No, the truth is it never really eventuated the way we (the IT industry) had envisaged. End users just don’t get fully normalised data structures. FWIW, most people I work with probably don’t understand why 25,000,000 + NULL == NULL so how did we ever expect users to? Oh and let’s not forget the IT manager who has enough knowledge of the system to be dangerous. He has a big picture of the database schema on his wall and knows just enough SQL to build queries that do multiple table scans over the millions of rows of inventory data, causing the DBMS to not so quietly tell every other use of the system to please get nicked :-) The plain fact is that writing reports typically requires as much help from IT infrastructure as to make it an IT task.

So now that Business Rules are looking more cylindrical with that silver sheen each day, some of us naively believe that our so called “Business Users” should be able to code up/modify rules for direct inclusion into a production system all by themselves. To me, this is an even bigger problem than reporting.

All the problems that plague end-user reporting apply. Users don’t understand our lovely, normalised, domain model.

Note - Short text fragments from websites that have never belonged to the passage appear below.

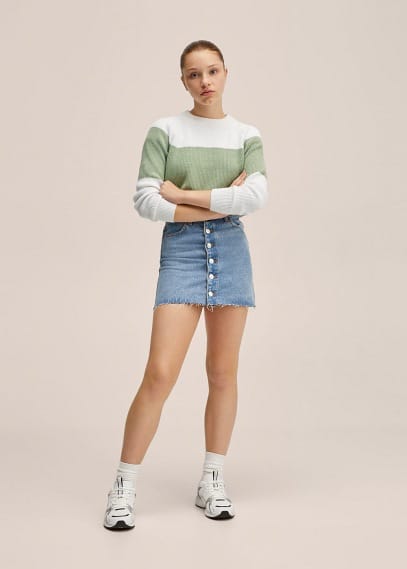 Pullover bicolore maglia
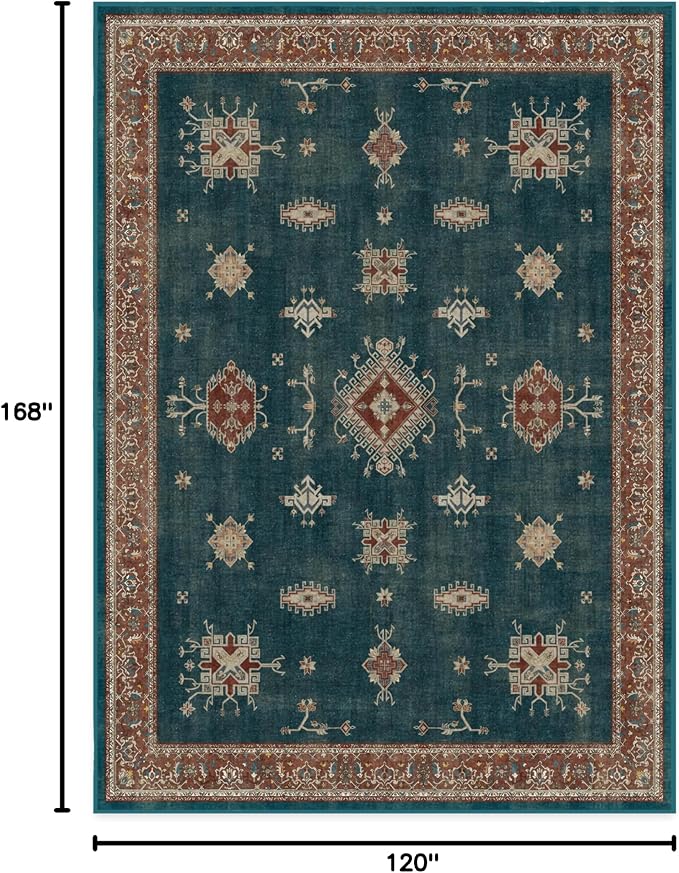 RUGGABLE Washable Vintage Area Rug – Verena Teal Blue 10x14, Stain-Resistant - Image 2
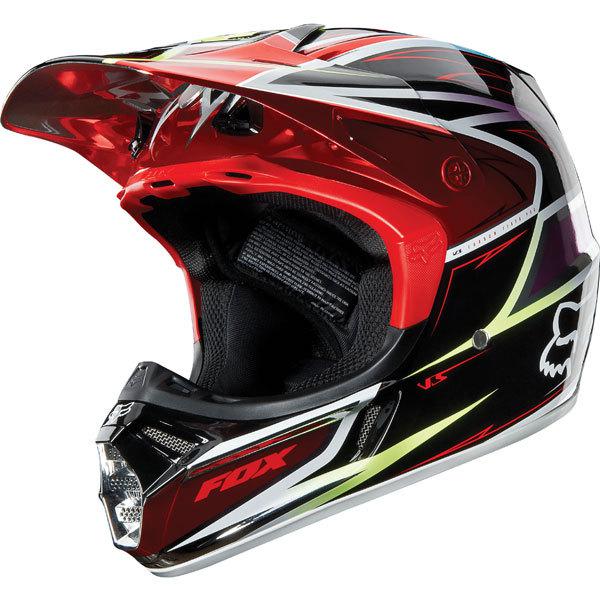 Fox racing v3 mx motocross motorcycle helmet race red/black size large new! $350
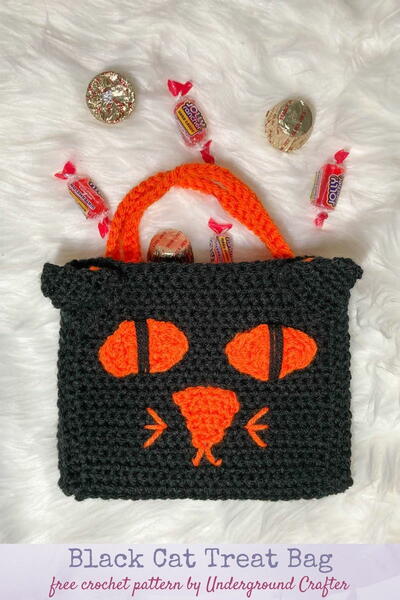 Black Cat Halloween Treat Bag Black Cat Halloween Treat Bag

They surely don’t understand why they get a NullPointerExceptions when adding numbers. And when it comes to knowing the difference between and and or you can forget it!

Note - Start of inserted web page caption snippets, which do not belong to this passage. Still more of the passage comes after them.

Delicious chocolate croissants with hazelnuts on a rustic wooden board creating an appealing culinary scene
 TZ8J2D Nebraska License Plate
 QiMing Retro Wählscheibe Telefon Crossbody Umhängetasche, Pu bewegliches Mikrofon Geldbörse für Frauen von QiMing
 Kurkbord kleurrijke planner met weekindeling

What’s worse is that Business Rules are used directly by the application to “reason” on appropriate behaviour. By comparison, with the exception of the table scan problem and of course any bad decisions that might be made based on incorrect data, reporting seems rather innocuous.

Now, if I said to the man (and in this case yes it is a man) who writes the cheques, hey how about we don’t test any of this code before we put it into production, I’d get the sack immediately. And quite rightly so I might add. Application components interact in subtle and non-obvious ways that necessitate large-scale unit/functional and integration testing. Business rules are no different. Actually they can be worse. We have many years of collective experience managing essentially procedural languages such as Java, C, C++, etc. Most developers I know think a lisp is a speech impediment and surely wouldn’t know a prolog if they tripped over one :-)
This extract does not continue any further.